THRIST (1949). The movie focuses on a young women, a ballet dancer, as she and her husband travel across Europe. She is married to a scholar who is fascinated by coins. Their marriage is a rocky one. He is practical. She is not. She drinks often and is depressed that she cannot dance due to a knee injury and cannot bear chuldren. In a series of flashbacks, you see glimpses of her troubled past, an affair with a married man, a botched abortion, and the not so glamarous life as a ballet dancer. The couple at times hate each other but neither can bear to be alone. The dialogue is quite good, but the movie, which jumps around a lot, is not always easy to follow and there are sub stories that do not seem to add much to the main one. 2/4 stars.
TO JOY (1950). The film begins with a violinist in a small orchestra, Stig Ericsson, receiving news of his wife's death, Marta, and continues with a lengthy flashback showing how the couple met and scenes from their mostly unhappy marriage, including an affair. Stig is an ambitious musician whose dreams of becoming a concert sololist but his talent is not quite up to the task.
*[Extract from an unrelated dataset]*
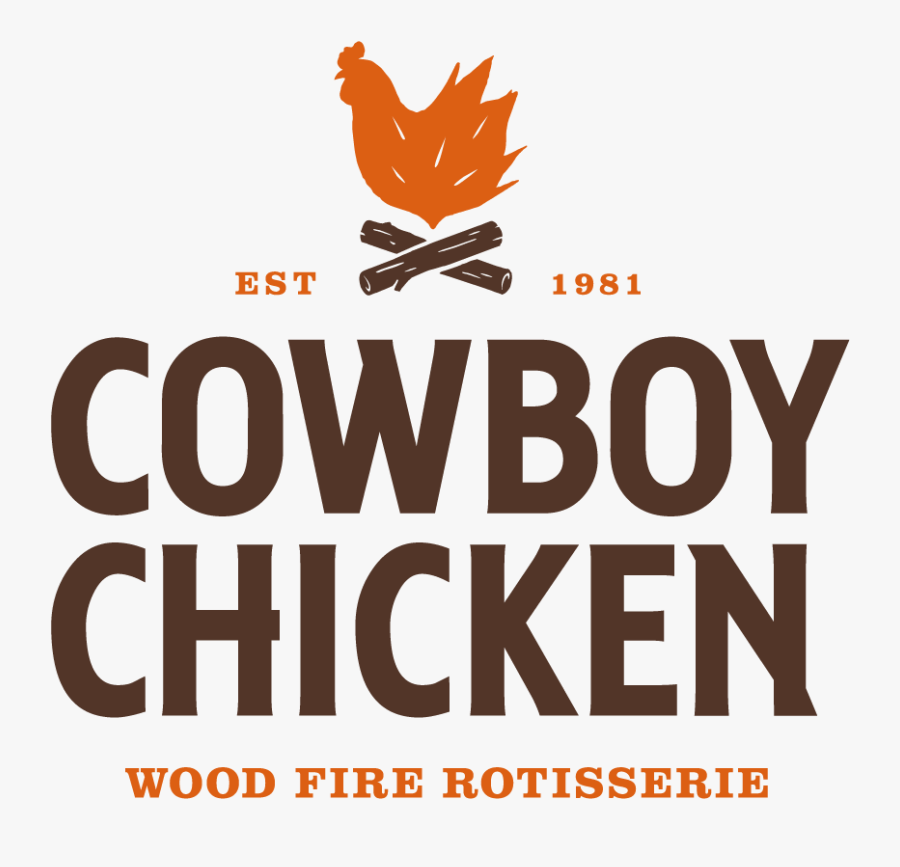 Transparent Rotisserie Chicken Clipart - Cowboy Chicken, Transparent Clipart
Plagued by mediocrity and lack of accomplishmemnt, he lashes out at those around him, his friends, his conductor, and most of all, his caring wife. In a cruel Bergman twist, it is only when Stig realizes that Marta has been the only positive event in his life, his only source of joy, that she is taken away from him. This is true Bergman cinema. 4/4 stars.
Recommended for the Bergman lover and those unacquainted with the poet of misery.